** Opening SUPPLIED RECORDS block **
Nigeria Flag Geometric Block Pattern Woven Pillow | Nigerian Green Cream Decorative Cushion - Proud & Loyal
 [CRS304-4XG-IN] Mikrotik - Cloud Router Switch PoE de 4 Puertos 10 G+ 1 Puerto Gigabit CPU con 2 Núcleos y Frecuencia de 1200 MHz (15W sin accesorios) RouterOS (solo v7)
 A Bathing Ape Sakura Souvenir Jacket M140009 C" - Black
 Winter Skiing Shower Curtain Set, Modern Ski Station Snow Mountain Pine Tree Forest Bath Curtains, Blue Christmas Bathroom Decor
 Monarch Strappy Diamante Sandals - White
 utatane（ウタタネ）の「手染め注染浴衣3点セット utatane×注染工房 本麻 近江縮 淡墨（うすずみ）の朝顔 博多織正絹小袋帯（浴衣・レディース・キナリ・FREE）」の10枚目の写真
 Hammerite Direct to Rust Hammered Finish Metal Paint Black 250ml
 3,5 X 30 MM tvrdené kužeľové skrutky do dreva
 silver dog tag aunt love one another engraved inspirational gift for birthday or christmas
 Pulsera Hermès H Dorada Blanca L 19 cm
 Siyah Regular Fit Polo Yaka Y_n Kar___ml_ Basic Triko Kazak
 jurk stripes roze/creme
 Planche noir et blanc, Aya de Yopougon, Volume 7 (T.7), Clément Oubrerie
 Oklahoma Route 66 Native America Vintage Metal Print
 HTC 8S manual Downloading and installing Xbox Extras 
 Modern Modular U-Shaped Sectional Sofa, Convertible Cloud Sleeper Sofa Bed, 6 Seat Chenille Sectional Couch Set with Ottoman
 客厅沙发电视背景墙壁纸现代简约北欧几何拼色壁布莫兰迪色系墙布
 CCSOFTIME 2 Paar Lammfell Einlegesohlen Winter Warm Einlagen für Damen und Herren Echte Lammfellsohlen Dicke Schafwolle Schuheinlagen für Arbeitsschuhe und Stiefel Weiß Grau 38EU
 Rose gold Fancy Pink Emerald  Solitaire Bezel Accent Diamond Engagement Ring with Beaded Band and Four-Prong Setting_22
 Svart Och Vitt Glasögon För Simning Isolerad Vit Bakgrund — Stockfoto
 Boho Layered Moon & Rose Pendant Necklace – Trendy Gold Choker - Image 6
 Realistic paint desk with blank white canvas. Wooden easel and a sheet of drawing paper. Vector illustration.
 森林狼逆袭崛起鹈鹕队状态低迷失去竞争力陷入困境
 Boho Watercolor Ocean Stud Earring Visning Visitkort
** Closing SUPPLIED RECORDS block **
### AIM OF THE TASK
From the records above, extract exactly and only the lines that begin at the line with "[CRS304-4XG-IN] Mikrotik - Cloud" and stop after the line with "客厅沙发电视背景墙壁纸现代简约北欧几何拼色壁布莫兰迪色系墙布".

### RESPONSE TO THE EXERCISE
 [CRS304-4XG-IN] Mikrotik - Cloud Router Switch PoE de 4 Puertos 10 G+ 1 Puerto Gigabit CPU con 2 Núcleos y Frecuencia de 1200 MHz (15W sin accesorios) RouterOS (solo v7)
 A Bathing Ape Sakura Souvenir Jacket M140009 C" - Black
 Winter Skiing Shower Curtain Set, Modern Ski Station Snow Mountain Pine Tree Forest Bath Curtains, Blue Christmas Bathroom Decor
 Monarch Strappy Diamante Sandals - White
 utatane（ウタタネ）の「手染め注染浴衣3点セット utatane×注染工房 本麻 近江縮 淡墨（うすずみ）の朝顔 博多織正絹小袋帯（浴衣・レディース・キナリ・FREE）」の10枚目の写真
 Hammerite Direct to Rust Hammered Finish Metal Paint Black 250ml
 3,5 X 30 MM tvrdené kužeľové skrutky do dreva
 silver dog tag aunt love one another engraved inspirational gift for birthday or christmas
 Pulsera Hermès H Dorada Blanca L 19 cm
 Siyah Regular Fit Polo Yaka Y_n Kar___ml_ Basic Triko Kazak
 jurk stripes roze/creme
 Planche noir et blanc, Aya de Yopougon, Volume 7 (T.7), Clément Oubrerie
 Oklahoma Route 66 Native America Vintage Metal Print
 HTC 8S manual Downloading and installing Xbox Extras 
 Modern Modular U-Shaped Sectional Sofa, Convertible Cloud Sleeper Sofa Bed, 6 Seat Chenille Sectional Couch Set with Ottoman
 客厅沙发电视背景墙壁纸现代简约北欧几何拼色壁布莫兰迪色系墙布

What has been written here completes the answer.